В этом состоит различие между стандартным разрушительным, даже убийственным, измерением верности нравственному идеалу и современным тоталитаризмом: террор якобинцев во время Великой французской революции основывался на строгой верности идеалу égaliberté – в своей попытке осуществить этот идеал напрямую, насадить его в действительности; это совпадение самого чистого идеализма с самым разрушительным насилием, проанализированное уже Гегелем в известной главе из его «Феноменологии духа», не в состоянии объяснить тоталитаризм XX столетия. У якобинцев отсутствовала отсылка к объективному/нейтральному «научному» знанию истории, легитимирующему осуществление ими безусловной власти. Только ленинистский революционер, а не якобинец, занимает место чистого инструмента исторической Необходимости, которая становится доступной посредством научного знания[182]182
Кстати, эта версия «свободы как осознанной необходимости», хотя она и может звучать «гегельянски», представляет собой полную противоположность собственно гегельянскому спекулятивному отождествлению истинной Свободы с Необходимостью: гегельянская свобода – это не акт свободного принятия роли инструмента предопределенной Необходимости.
[Закрыть].
Здесь Рансьер следует за лефоровской идеей о том, что пространство для (коммунистического) тоталитаризма было открыто самим «демократическим изобретением»: тоталитаризм – это внутреннее извращение демократической логики[183]183
См.: Лефор К. Политические очерки. М.: РОССПЭН, 2000.

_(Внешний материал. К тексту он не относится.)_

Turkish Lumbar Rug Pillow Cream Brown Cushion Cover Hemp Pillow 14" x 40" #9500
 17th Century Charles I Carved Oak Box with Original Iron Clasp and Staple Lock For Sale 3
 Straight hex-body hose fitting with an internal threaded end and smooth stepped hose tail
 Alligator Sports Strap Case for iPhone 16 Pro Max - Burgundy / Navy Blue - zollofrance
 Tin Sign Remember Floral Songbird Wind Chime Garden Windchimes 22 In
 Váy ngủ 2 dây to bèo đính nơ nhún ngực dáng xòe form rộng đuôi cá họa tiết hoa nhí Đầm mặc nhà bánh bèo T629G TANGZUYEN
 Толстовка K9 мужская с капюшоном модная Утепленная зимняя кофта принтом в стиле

[Закрыть]. Сначала мы имеем логику традиционного Господина, который приводит некие трансцендентные основания своей власти (божественное право и т. д.); затем с «демократическим изобретением» зримым становится разрыв, отделяющий позитивную личность Господина от места, которое он занимает в символической сети – с «демократическим изобретением» место Власти полагается изначально пустым, занимаемым только временно и случайно различными субъектами. Иными словами, теперь становится ясно, что (цитируя Маркса) люди считают кого-то королем не потому, что он – сам по себе король; он является королем, потому что и пока люди считают его таковым. Тоталитаризм учитывает этот разрыв, совершенный «демократическим изобретением»: тоталитарный Господин полностью принимает логику «я – Господин лишь постольку, поскольку вы считаете меня таковым», то есть его позиция не связана с отсылкой к некому трансцендентному основанию; напротив, он решительно говорит своим последователям: «Сам по себе я никто; вся моя сила исходит от вас; я – всего лишь воплощение ваших самых глубоких чаяний; в тот момент, когда я теряю свою опору в вас, я исчезаю…» Вся его легитимность выводится из этой позиции чистого слуги Народа: чем больше он «скромно» принижает и инструментализирует свою роль, чем больше он подчеркивает, что он просто выражает и осуществляет чаяния самого Народа, который является подлинным Господином, тем более сильным и неприкосновенным он становится, поскольку любые нападки на него – это нападки на сам Народ, на его самые глубокие чаяния… «Народ», таким образом, расколот на действительных индивидов (склонных к измене и всевозможным человеческим слабостям) и народ, воплощенный в господине. Эти три логики (традиционного Господина, демократически регулируемой борьбы за пустое место Власти, тоталитарного Господина) соответствуют трем формам отрицания политики, описанным Рансьером: традиционный господин действует в пространстве архиполитики; демократия связана с параполитикой, то есть переводом политики в собственном смысле слова в регулируемый агонизм (правила выборов и представительной демократии и т. д.); тоталитарный Господин возможен только в пространстве метаполитики.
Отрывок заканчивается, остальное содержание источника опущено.